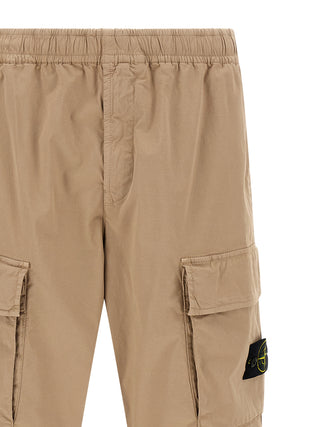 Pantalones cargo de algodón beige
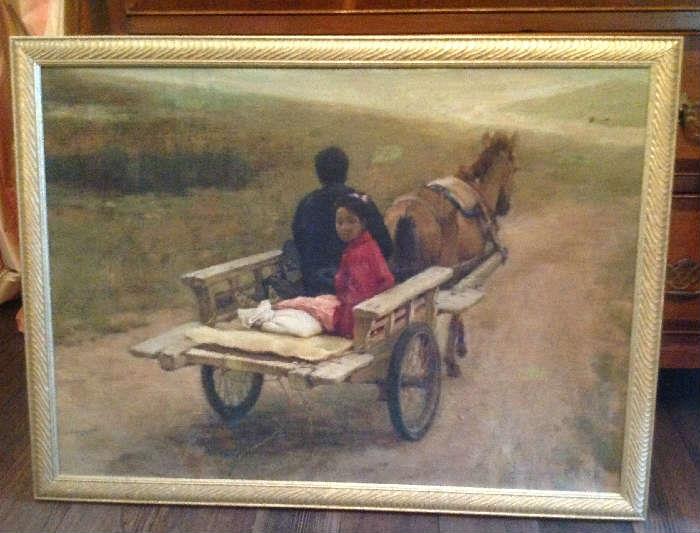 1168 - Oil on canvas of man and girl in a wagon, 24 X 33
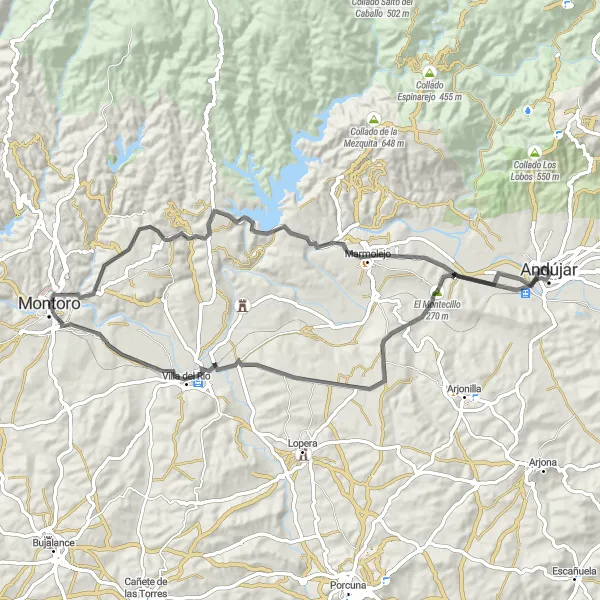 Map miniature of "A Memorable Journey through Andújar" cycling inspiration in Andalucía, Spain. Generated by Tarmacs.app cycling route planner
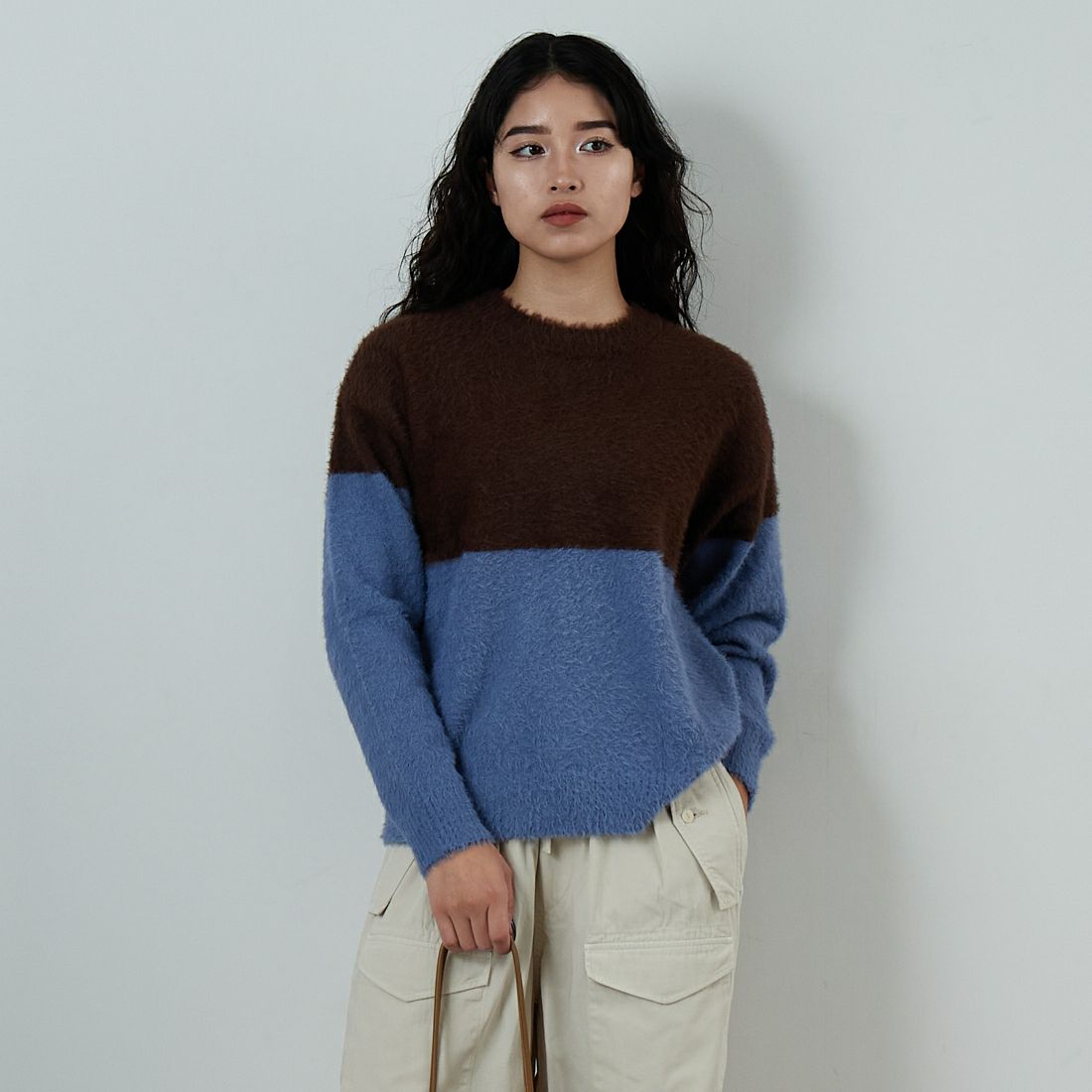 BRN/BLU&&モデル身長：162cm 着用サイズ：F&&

━━━━━━━━━━━━━━━━

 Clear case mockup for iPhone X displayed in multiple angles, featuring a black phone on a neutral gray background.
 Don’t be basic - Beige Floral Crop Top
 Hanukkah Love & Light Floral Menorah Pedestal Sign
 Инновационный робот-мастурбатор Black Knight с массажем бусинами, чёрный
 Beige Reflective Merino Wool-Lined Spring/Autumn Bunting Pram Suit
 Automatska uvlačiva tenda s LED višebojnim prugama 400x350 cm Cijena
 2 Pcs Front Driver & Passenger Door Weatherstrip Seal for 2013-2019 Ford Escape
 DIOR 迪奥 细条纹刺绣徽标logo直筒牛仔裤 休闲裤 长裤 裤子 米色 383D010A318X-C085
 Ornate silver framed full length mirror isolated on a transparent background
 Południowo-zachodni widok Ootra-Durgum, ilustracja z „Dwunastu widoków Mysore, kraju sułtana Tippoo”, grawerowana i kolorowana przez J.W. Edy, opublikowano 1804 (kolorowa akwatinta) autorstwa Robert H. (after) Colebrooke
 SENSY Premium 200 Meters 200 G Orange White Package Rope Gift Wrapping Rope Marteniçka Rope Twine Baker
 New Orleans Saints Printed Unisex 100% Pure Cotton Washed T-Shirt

━━━━━━━━━━━━━━━━

■ EXERCISE OBJECTIVE ■
Please transcribe only the lines in the records above running from the line that has "SENSY Premium 200" through the line that has "New Orleans Saints", both included, exactly as they appear.

■ RESULT FOR THIS EXERCISE ■
 SENSY Premium 200 Meters 200 G Orange White Package Rope Gift Wrapping Rope Marteniçka Rope Twine Baker
 New Orleans Saints Printed Unisex 100% Pure Cotton Washed T-Shirt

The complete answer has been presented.